Yang memperkaya pengalamannya dengan menggarap karya ini, salah satunya adalah melihat reaksi publik yang awam dengan wacana seni kontemporer.
"Mereka lebih naif dalam melihat seni-seni yang kontemporer, karena tanpa ada wacana, juga pengetahuan yang cukup, ini dibenturkan. Kontras itu yang jadi menarik."
***
Ide pembuatan materi ini berawal ketika ia menjalani residensi selama dua bulan di Berlin, German. Disana ia melihat kota tersebut sangat kaya dengan peraturan yang ketat, sementara masyarakatnya banyak yang coba membengkokkan peraturan tersebut.
"Sehingga peraturannya mulai ada pergeseran bahkan pergesekkan, tapi mereka melakukan ini dengan kesadaran," jelas Irwan.
"Di Jakarta ini ada juga, tapi tanpa kesadaran, ini karena kebutuhan. Seperti misalnya jalan, dipakai untuk orang kawinan, pengajian, main bola, dan lainnya."
Dalam pemahamannya, untuk fungsi-fungsi semacam ini, publik memiliki penafsiran yang sangat independen tergantung apa yang mereka inginkan, dan ini masih mungkin dilakukan.
Keterkaitan karya dengan tema Muslihat yang diangkat oleh Ok Video festival tahun ini adalah bagaimana ia melihat masyarakat 'mengakal-akali', melakukan tindak muslihat terhadap regulasi resmi yang dibuat oleh sistem pemerintahan.
"Seperti joki 3 in 1, jadi peraturan seperti dibengkokkan saja.

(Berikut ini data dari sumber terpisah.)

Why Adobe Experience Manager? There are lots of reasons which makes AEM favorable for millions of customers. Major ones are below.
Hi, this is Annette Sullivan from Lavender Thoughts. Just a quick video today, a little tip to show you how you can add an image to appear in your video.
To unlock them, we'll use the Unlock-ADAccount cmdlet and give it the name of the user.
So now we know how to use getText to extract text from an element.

Ini muncul karena situasi. Aku melihat potensi disitu bagaimana melakukan muslihat-muslihat," kata Irwan.
Irwan sendiri menekankan, bahwa ia tidak mau menghakimi apa perilaku ini benar atau salah, karena setiap perilaku memiliki alasannya sendiri.

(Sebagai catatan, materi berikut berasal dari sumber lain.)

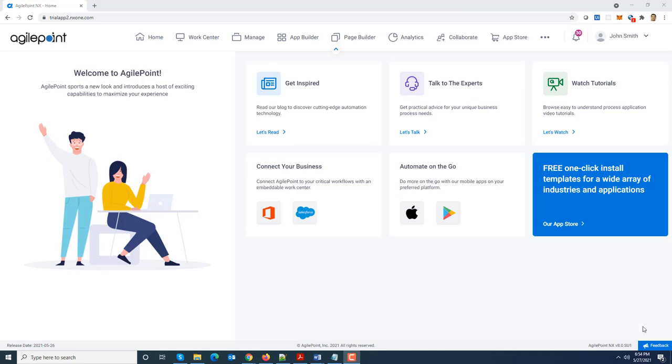Hello guys, welcome back to another video where we are going to look at the modern work center widget for page builder module. The modern work center introduced in AgilePoint NX version 8.0 received a lot of customer accolades and appreciation.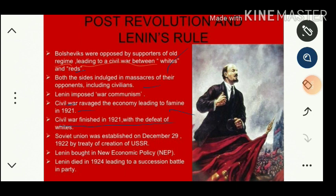The Soviet Union was established on December 29, 1922 by the Treaty of Creation of the USSR — the Union of Soviet Socialist Republics — which constituted more than 15 countries. The USSR continued up to 1991 before its disintegration. Lenin brought in a New Economic Policy for the development of the Russian economy. Lenin died in 1924.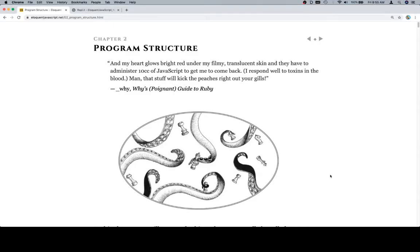Hey, everybody. Welcome back to the read-through of Eloquent JavaScript. This is Chapter 2, Program Structure. And my heart glows bright red under my filmy, translucent skin, and they have to administer 10cc of JavaScript to get me to come back.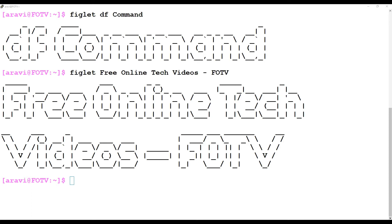Hi friends, welcome to Free Online Tech Videos. My name is Ravi. In this video session we are going to see about the df command — how df command works and what is the use of the df command.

"Jakarta ini enggak bisa diselesaikan masalahnya dengan benar atau salah. Setiap masalah selalu ada dilema, solusi, karena peraturan itu kalah jauh sama attitude warganya, kalau di luar kebalikannya."
'Menyadari' kekacauan di kota ini, seperti apa yang coba ditelusuri Irwan, sebenarnya cukup berseberangan dengan apa yang selama ini ia lakukan pada setiap project seninya. "Dulu saya terobsesi untuk membuat Jakarta ini menjadi kota yang rapih."
Namun setelah ia melihat KRL menjadi tertib, ia merasa ada yang hilang, ada krisis interaksi. Semua orang bersosialisasi dengan gadget mereka.
"Ini enggak Indonesia banget, orang Indonesia kan yang becanda, teriak-teriak. Ke-chaos-annya itu, tapi ini tergantung gimana kita memandangnya," ujar Irwan.
Menurutnya, dengan mensterilkan kota, pihak yang diuntungkan adalah Negara dan korporasi. "Ketika gerbong sudah bersih, jadi tempat iklan."
Kekuatan untuk bisa membengkokkan berbagai macam peraturan, nilai dan moral masih menyisakan adanya kebenaran sejati yang universal dan diketahui oleh setiap orang.
Ini juga menjadi argumen mengapa ada salib terpampang pada karyanya. "Aku menemukan kontrol itu sudah seperti agama, bahkan lebih serem. Agama masih bisa memilih. Kontrol tidak memberikan pilihan."